Myths surrounding Leda typically concern her seduction by Zeus and the birth of her children Helen, Clytemnestra, and Castor and Pollux. While she was married to Tyndareus, Zeus began to covet her. In order to take her without alerting his wife Hera, Zeus devised a plot. He shapeshifted and pretended to be an injured swan fleeing from an eagle, which he used as a pretext to fall into Leda's lap, where he then assaulted her. Hyginus writes that this event took place near the river Eurotas. Later the same day, Leda laid with Tyndareus as well. Memorably, Helen and Pollux were children of Zeus, and Clytemnestra and Castor were children of Tyndareus. Leda is commonly described as giving birth to a set of two eggs: one that Helen and Pollux emerged from, and one that Castor and Clytemnestra emerged from. However, some accounts do not mention Leda laying eggs.

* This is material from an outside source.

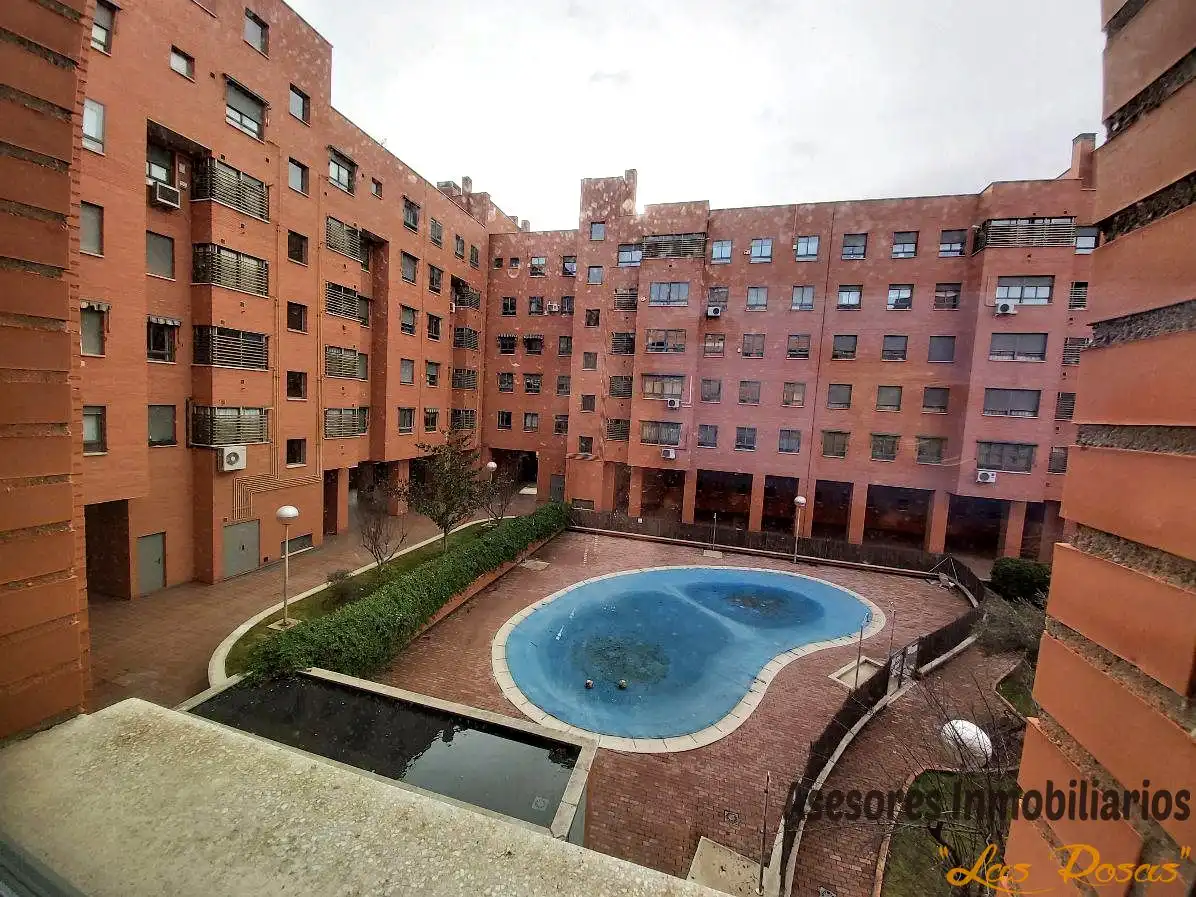 Swimming pool of Flat for sale in  Madrid Capital  with Air Conditioner, Heating and Parquet flooring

Another version of the myth states that the goddess Nemesis (Νέμεσις) was instead the mother of Helen, and was also impregnated by Zeus in the guise of a swan. After copulating with Zeus, she laid an egg; a shepherd found the egg and gave it to Leda, who carefully kept it in a chest until the egg hatched. Helen was born from the egg, and Leda raised her as her own daughter. Zeus commemorated the birth of Helen by creating the constellation Cygnus (Κύκνος).

== In art ==
Leda and the Swan, Leda and the Egg, and Leda with her children were and continue to be popular subjects in the arts; they were particularly popular during the Classical period and the Renaissance. Leda has been depicted by Leonardo da Vinci, Cy Twombly, Edouard Houssin, Salvador Dali, Raphael, Peter Paul Rubens, and Michelangelo. She is also the main subject of Honoré Desmond Sharrer's "Leda & the Folks," a large, surrealist oil painting that depicts portraits of both Leda and Elvis Presley's parents. Australian artist Sidney Nolan produced at least a dozen interpretations of Leda and the Swan in the 1950s and 1960s, connected with his work on the myths of the Trojan War and World War I.

She is the subject of William Butler Yeats' Modernist poem Leda and the Swan. The myth was referenced in the premise of Eli Goldstone's 2017 novel Strange Heart Beating, which takes its name from Yeats' poem. In October 2022, the myth inspired Hozier to write a song in response to the Dobbs v. Jackson decision by the Supreme Court of the United States, which repealed Roe v. Wade. The song is called Swan Upon Leda.